Exercise 2: Agile Principles
The founding fathers of agile defined 12 principles that characterize an agile environment. Discover what they are, which are most important, and how your organization may be challenged to adopt them.
Exercise 3: Defined and Empirical Work
Analyze types of work and choose several that are suited for defined and empirical process control.
Exercise 5: Agile and Scrum Concepts
Find out what you remember about agile and Scrum terms in this group-based exercise.
Exercise 6-1: Product Owner Deep Dive
In this detailed case study, put yourself in the shoes of the product owner and determine the best course of action.
Exercise 6-2: Manager/Employee
In this minor physical challenge, experience the difference between command, control, and servant leadership.

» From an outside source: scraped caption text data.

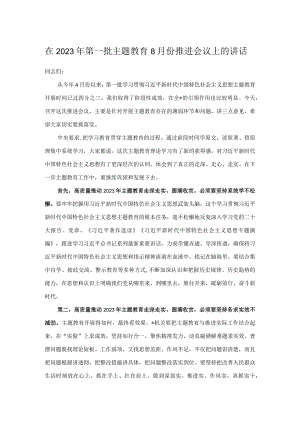 在2023年第一批主题教育8月份推进会议上的讲话.docx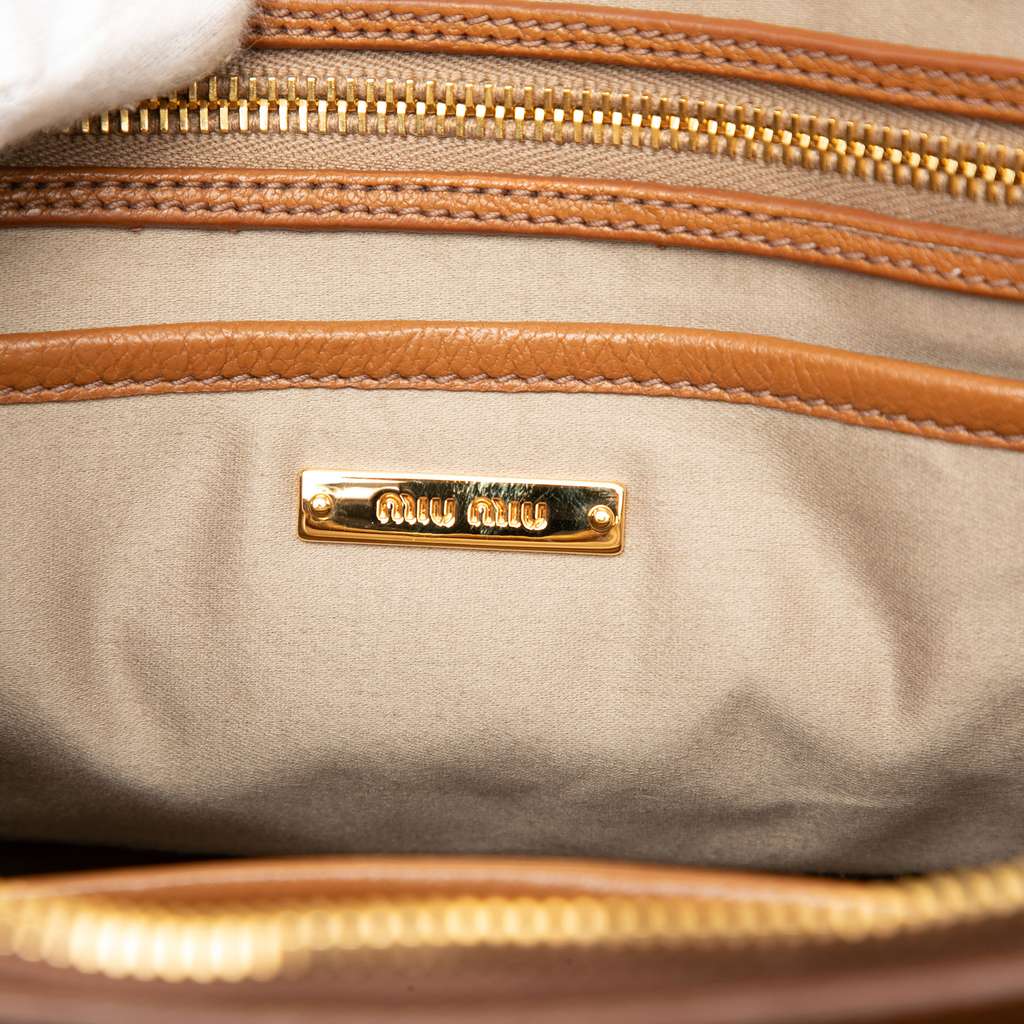 Miu Miu Goatskin Madras Bowler Bag - 5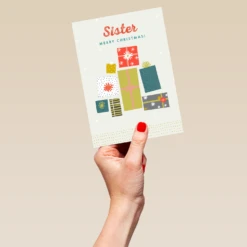 Pod Personalised Christmas Presents Sister Card -Pod Shop F3100194 hand L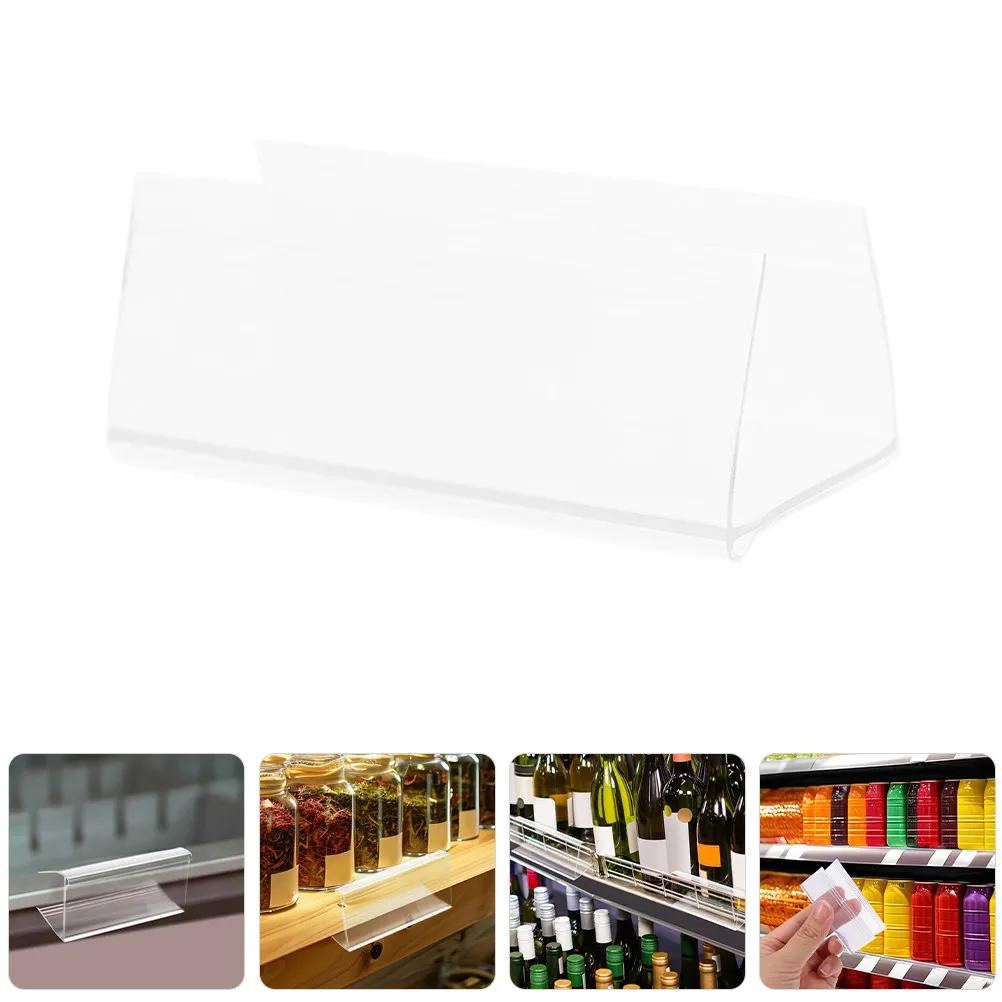 

30Pcs Label Holders for Storage Bins Versatile Clear Reusable Clips for Wire Racks Bookshelves Retail Price Signs Display
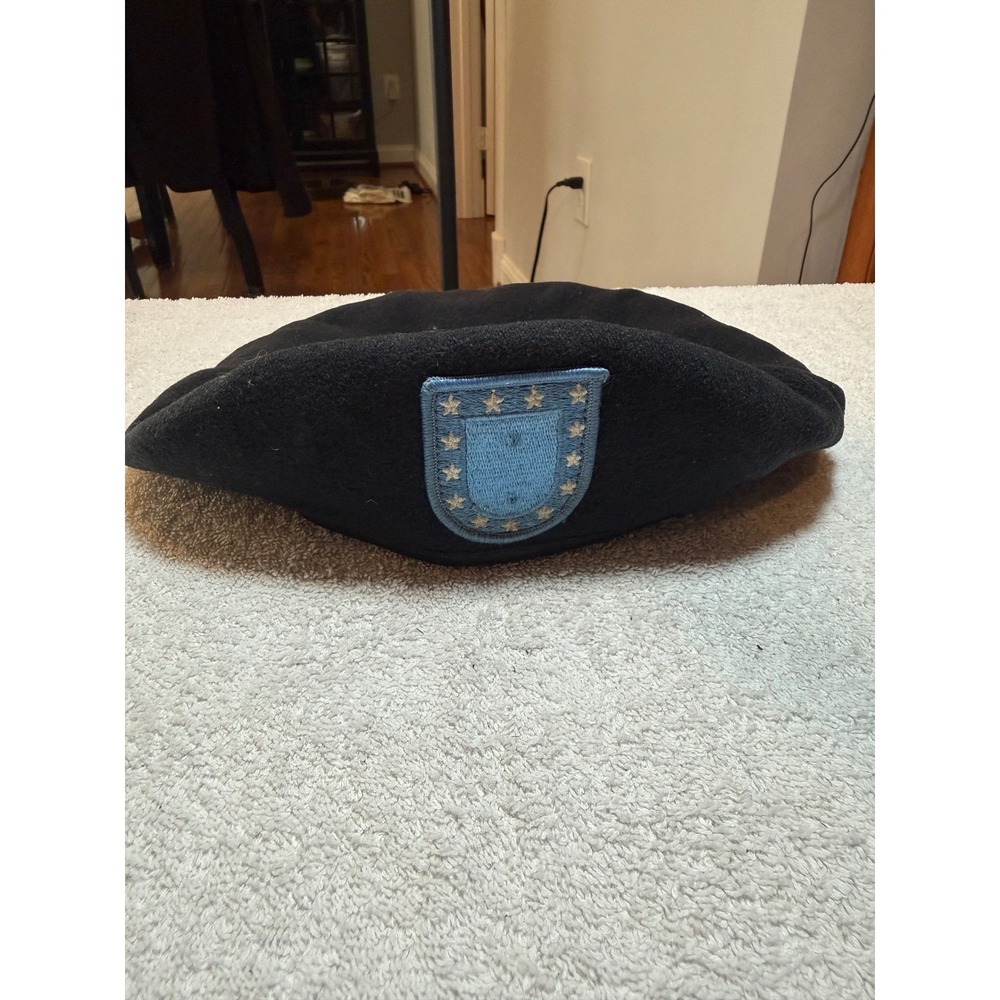 US Army Black Wool Beret Hat Size 7 3/8 DA Flash Patch 2002 Issue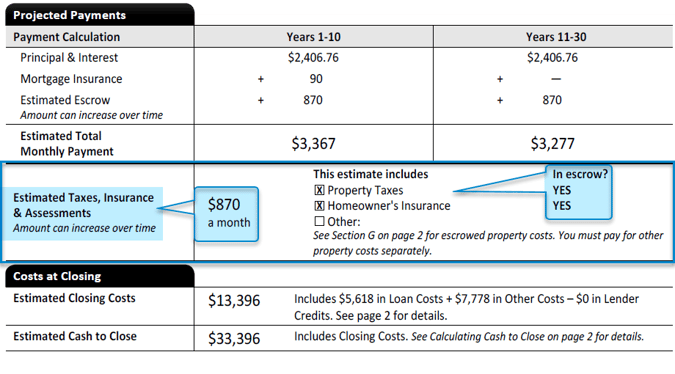 Loan Estimate Escrow-1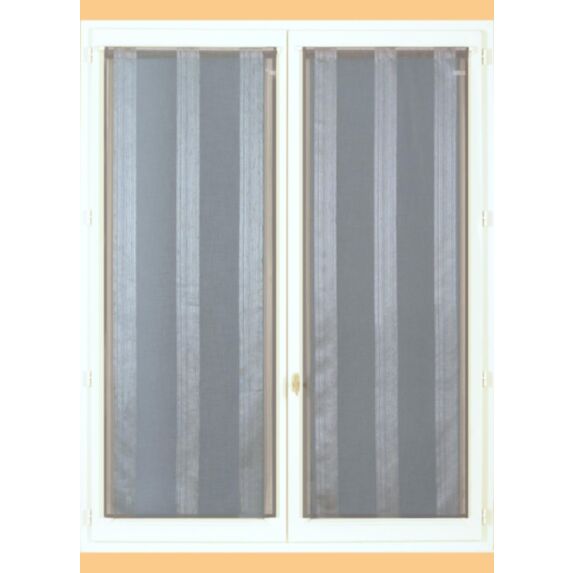 Paire de vitrages 45x160cm gris - DYLREV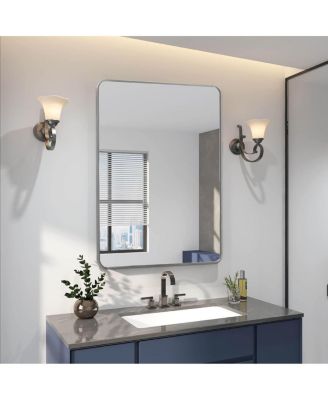 24" x 36" Modern Rectangular Wall Mirror with Aluminum Frame HD Vanity Mirror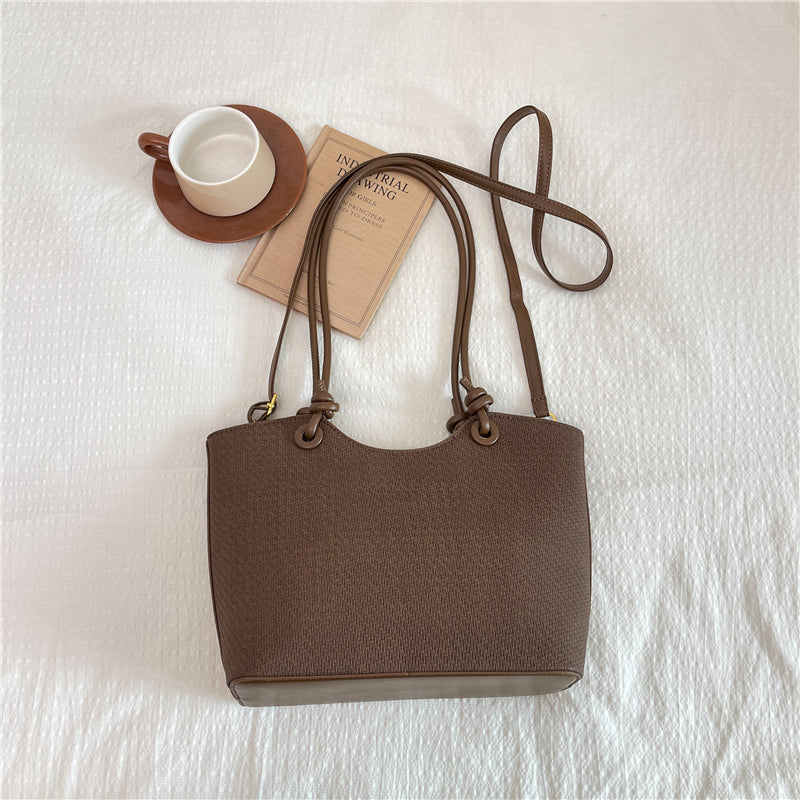 Modern Chic All-Season PU/Artificial Leather/Microfiber Leather Women's Handbags Tote Bags | Color: Coffee | Image 3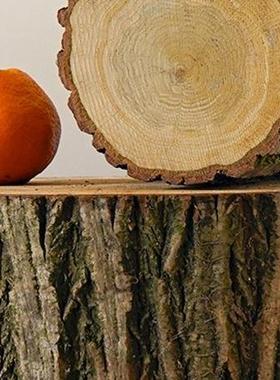 实木带皮木墩子列造景原木陈树桩座凳茶摆桩件几根雕花架立柱GYQ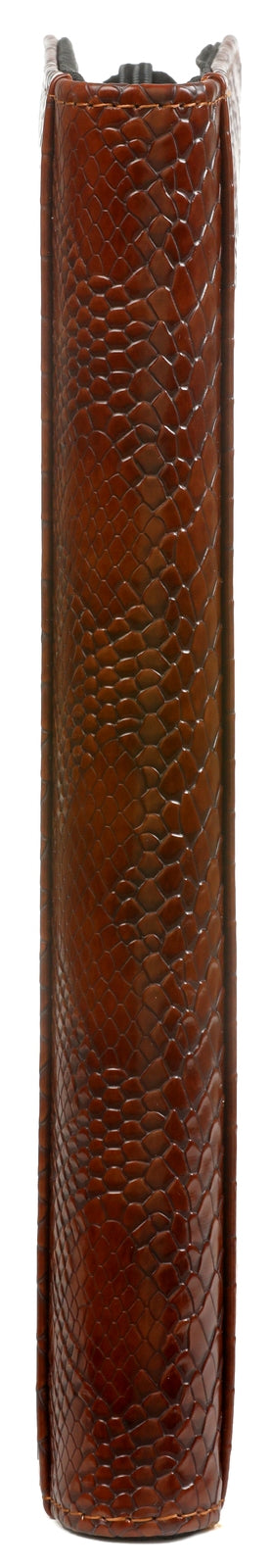 2500-74 A5 Pasta de escrita com zíper Croco Brown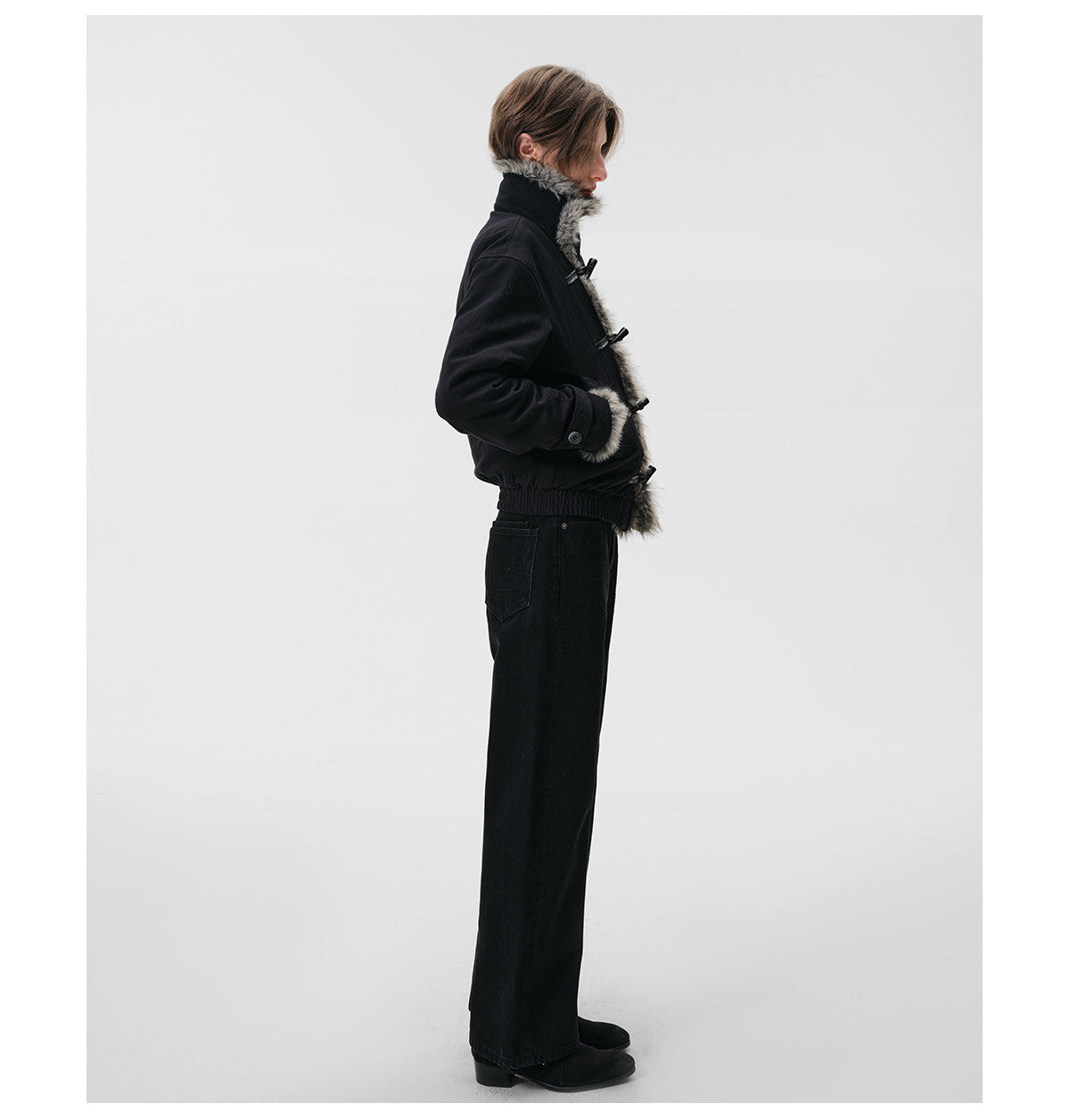 Leather-Laced Cow Horn Button Fur Jacket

Exercise 6-3: Fact or Crap
Play this card-based game in a group to reinforce your understanding of the roles and responsibilities in Scrum.
Exercise 7: Scrum Simulation Instructions
Learn the topic of your Scrum simulation and define roles within your team.
Exercise 8: Create a Product Vision Statement
With the help of your stakeholders, develop a compelling vision statement to guide your team.
Exercise 9-1: Identifying User Roles
Identify the user roles of your product.
Exercise 9-2: Develop a Persona
Develop a persona for your product.
Exercise 11: Seed the Product Backlog
With the help of your stakeholders, author user stories (with acceptance criteria) to support your product vision.
Exercise 12: Chinese Zodiac Points
Walking one-by-one through the animals of the Chinese zodiac, relatively rank them by physical size.
Exercise 13: Prioritize Your Product Backlog
Utilizing MoSCoW rules, assess business value and rank your product backlog.
Exercise 15: User Story Writing Workshop
Learn how to apply the latest techniques in group collaboration, silent working, and driving innovative thinking.
Exercise 16: Reprioritize the Product Backlog
Apply your favorite technique for assessing business value and reprioritize your product backlog.
Exercise 17: Ball Points
In this minor physical challenge, experience the difference between estimated and actual velocity.
Exercise 18-1: Create a Product Road Map
Map out your products future six to nine months in advance.
Exercise 18-2: Create a Release Plan
Plan when you will release your product's "potentially shippable product increments" to your customers and end users.
Exercise 19: Product Box
Identify product features that are exciting to your customers by designing the product box.
Exercise 21: The Scrum Café or Open Space Technologies
Utilizing one of these innovative frameworks, you will have the opportunity to explore the deepest questions on Scrum.
Technical professionals associated with the specification, design, development and testing of products will benefit from this two-day program. Some of the professionals this will benefit include:
- Product Managers/Business Analysts
- Functional/Operational Managers/Directors
- Project Sponsors
- IT Leadership (Managers/Directors/VPs/CIOs/CTOs)
- Anyone interested in learning the benefits of Scrum for Product Management
This class is suitable for those who are responsible for setting product direction on a Scrum project. While current Certified ScrumMasters are welcome to attend, this class should not be considered as a next step after taking the CSM Class, but instead should be viewed as an alternative to the CSM Class.